▶ [ASSIGNMENT]: Copy out the data word for word. The images are not part of the copy.
==== INFORMATION SUPPLIED ====
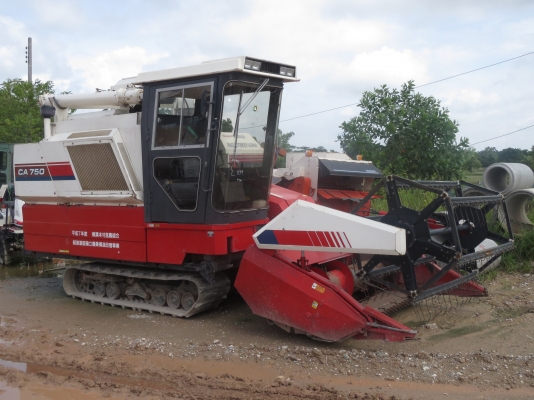 รถเกี่ยวนวดข้าว Yanmar CA750 รถมือสองจากญี่ปุ่น รถเกี่ยวนวดข้าว Yanmar CA750 รถมือสองจากญี่ปุ่น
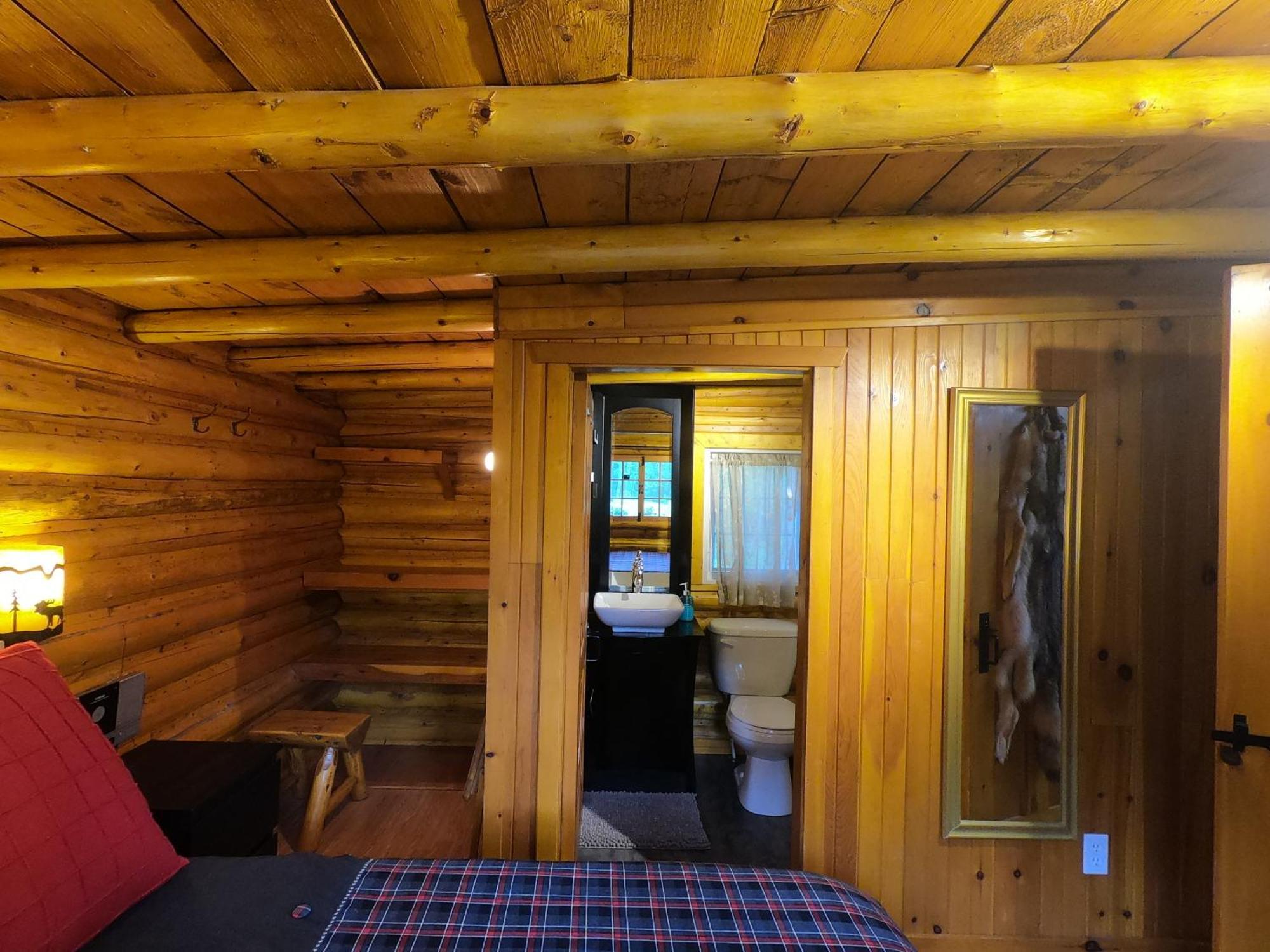 Domaine le Bostonnais - Le Village en Bois Rond La Tuque Chambre photo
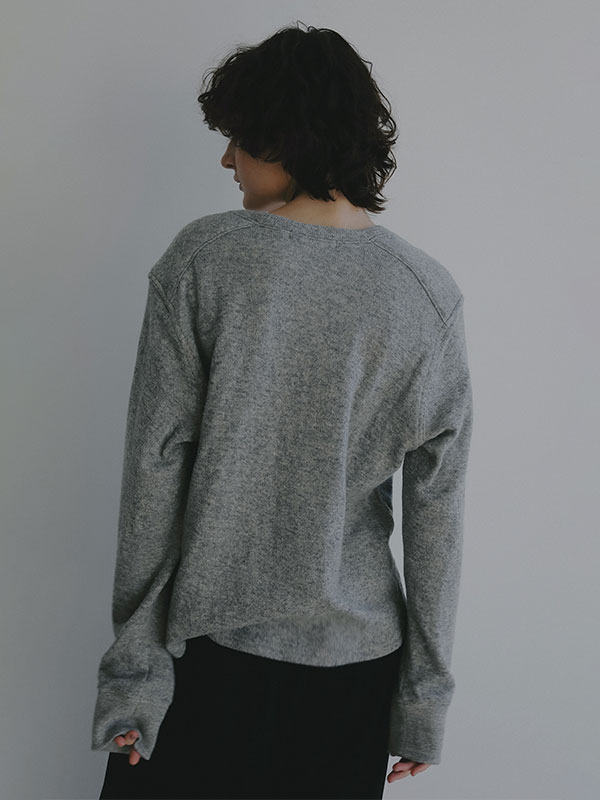 フラッフィーVネックプルオーバー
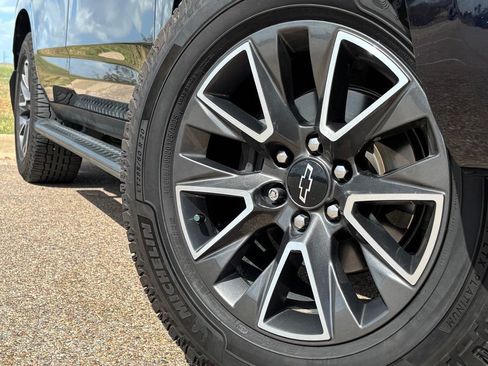 Used 2021 Chevrolet Tahoe Z71 w/ Luxury Package AWD/4WD image 2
====
▶ [SOLUTION]:
 รถเกี่ยวนวดข้าว Yanmar CA750 รถมือสองจากญี่ปุ่น รถเกี่ยวนวดข้าว Yanmar CA750 รถมือสองจากญี่ปุ่น
 Domaine le Bostonnais - Le Village en Bois Rond La Tuque Chambre photo
 フラッフィーVネックプルオーバー
 Used 2021 Chevrolet Tahoe Z71 w/ Luxury Package AWD/4WD image 2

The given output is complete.